You have cloned a gene for an enzyme that degrades lipids in a bacterium that normally lives in cold temperatures. You wish to transfer this gene into E. coli to produce industrial amounts of enzyme for use in laundry detergent. You have managed to produce transgenic E. coli expressing mRNA of your gene, but only a low level of protein is produced. Why might this be so? How could you overcome this problem?

Gene expression regulation refers to the mechanisms that control the timing and amount of gene product (protein) produced in a cell. In prokaryotes like E. coli, factors such as promoter strength, ribosome binding sites, and transcription factors can significantly influence the level of mRNA and, consequently, protein synthesis. If the cloned gene's regulatory elements are not optimal for E. coli, it may lead to low protein production.

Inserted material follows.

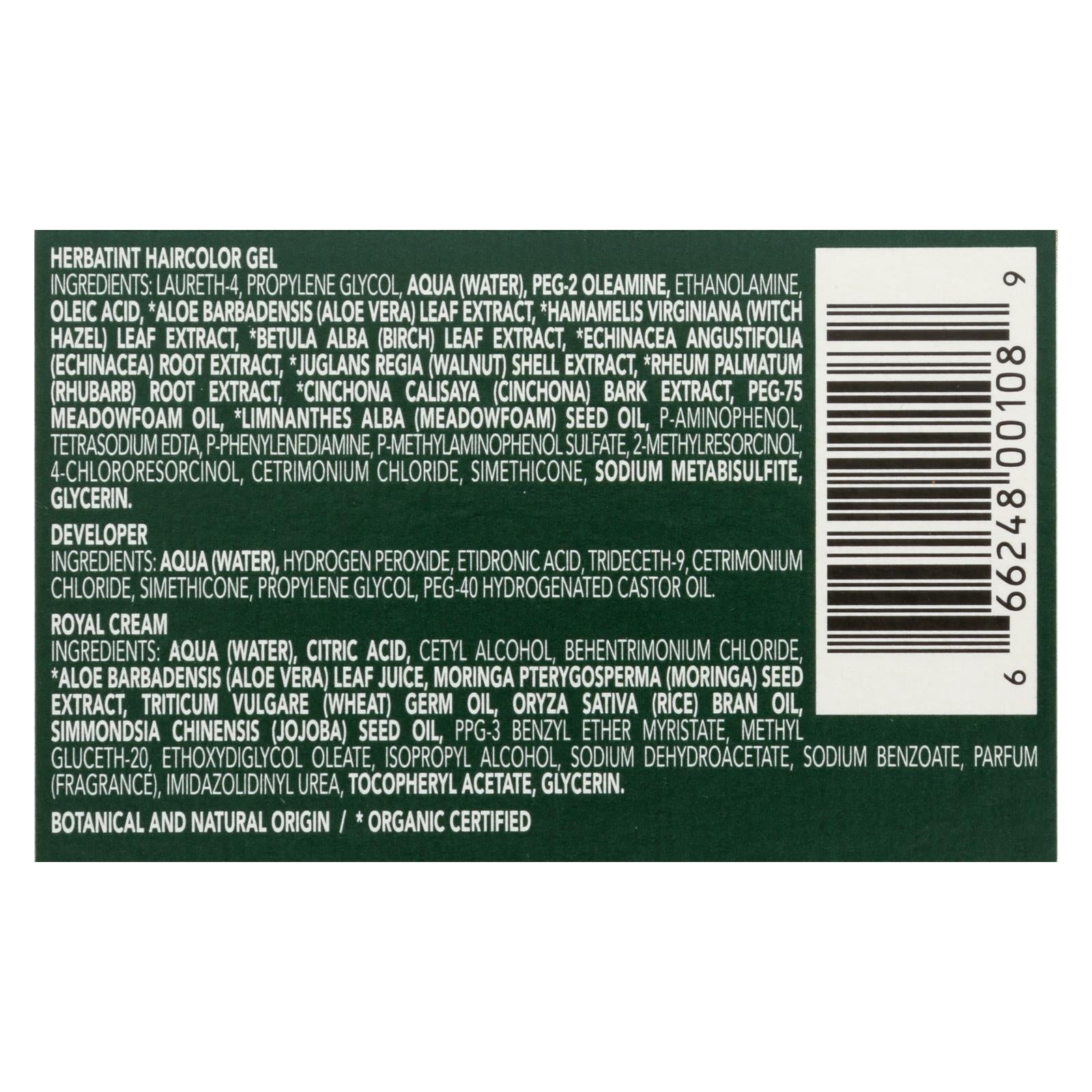 Herbatint Gel de coloración permanente a base de hierbas en rubio miel 9N (135 ml)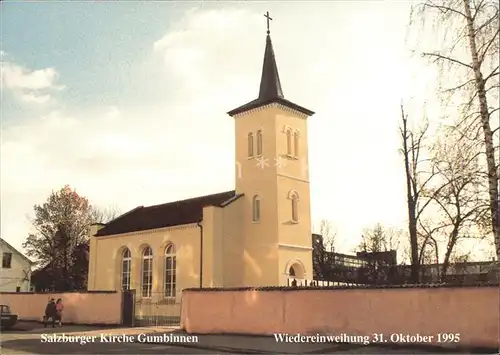 Gumbinnen Ostpreussen Salzburger Kirche Gumbinnen Kat. Gussew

Codon optimization involves modifying the DNA sequence of a gene to use codons that are more frequently used by the host organism, in this case, E. coli. Different organisms have varying preferences for specific codons, and using less common codons can result in inefficient translation and low protein yield. By optimizing the gene sequence for E. coli's codon usage, one can enhance protein expression levels.

Post-translational modifications (PTMs) are chemical changes that occur to a protein after its synthesis, affecting its activity, stability, and localization. E. coli may not perform the same PTMs as the original organism from which the gene was cloned, potentially leading to an inactive or unstable enzyme. Understanding and engineering the necessary PTMs can help improve the functionality and yield of the expressed protein.